That looked like a piece of angle iron to me. Thanks.


----------



## Capt45 (Mar 4, 2021)

I got the serial # off the Lathe today;  TMWQE 14765.  Any ideas as to when it was made.  My guess would be 1945, 46, 47.


----------



## Tim9 (Mar 5, 2021)

Sheldan’s are good lathes. But 2500.00 seems a bit pricey unless it’s very well tooled up. I’m no expert on Kansas...but I thought you had a Boeing factory there. Should be some machinery in my opinion. So it can’t be a total machinery desert.


----------



## sdelivery (Mar 5, 2021)

What year is it Capt45?
Going over the pictures again it really does look in nice condition.


----------



## Capt45 (Mar 5, 2021)

That's what I'm trying to find out.  I now have the serial # TMWQE14765.  Figuring late 1940's .


----------



## Capt45 (Mar 9, 2021)

So I "pulled the trigger" on buying an old Sheldon 12 x 72 with quick change gear box and that's the good news.  I don't have a operators manual so I'm lost.  I'm looking on *bay for a manual and hopefully score one there.  Wish me luck.


----------



## Tim9 (Mar 9, 2021)

I don’t know much about Sheldon Lathes. The little I’ve investigated shows a lot of11” and 13” lathes. Anyway they were somewhat popular and Vintage Machinery dot Org has about 60 downloads of Sheldon manuals and flyers. This might help you Capt


			http://vintagemachinery.org/pubs/2133/23861.pdf
		






__





						Sheldon Machine Co., Inc. - Publication Reprints | VintageMachinery.org
					





					vintagemachinery.org
				




Here’s an ID’s catalog on Sheldons by serial numbers.

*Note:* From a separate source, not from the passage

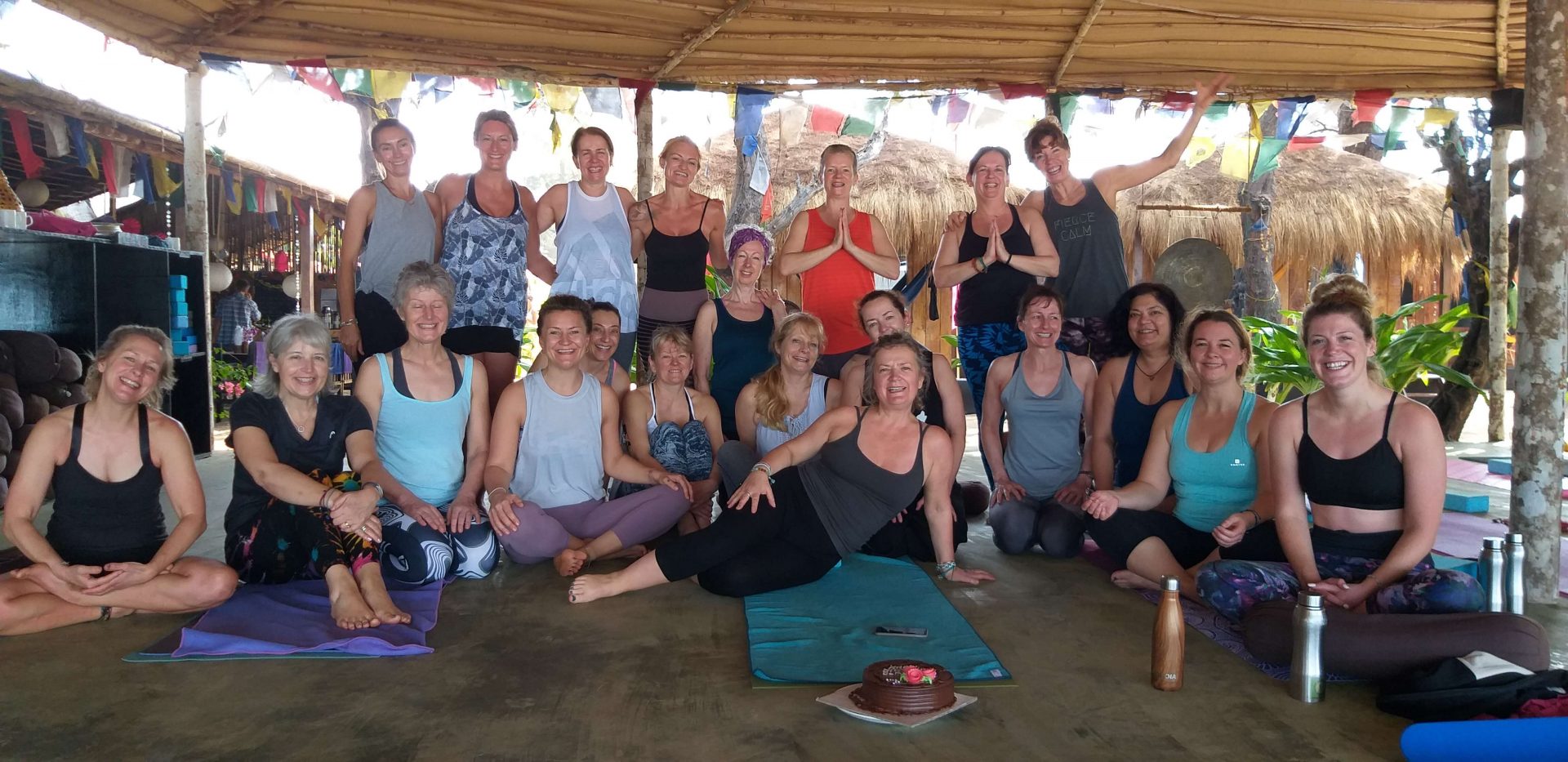 yoga-retreats-india-group-shot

Looks like maybe a M model ?


			http://vintagemachinery.org/pubs/2133/25349.pdf


----------



## Capt45 (Mar 9, 2021)

Thanks Tim; I've been to Vintage Machinery before, don't know why I didn't think of that.


----------



## sdelivery (Mar 9, 2021)

Congratulations......the addiction grows...lol


----------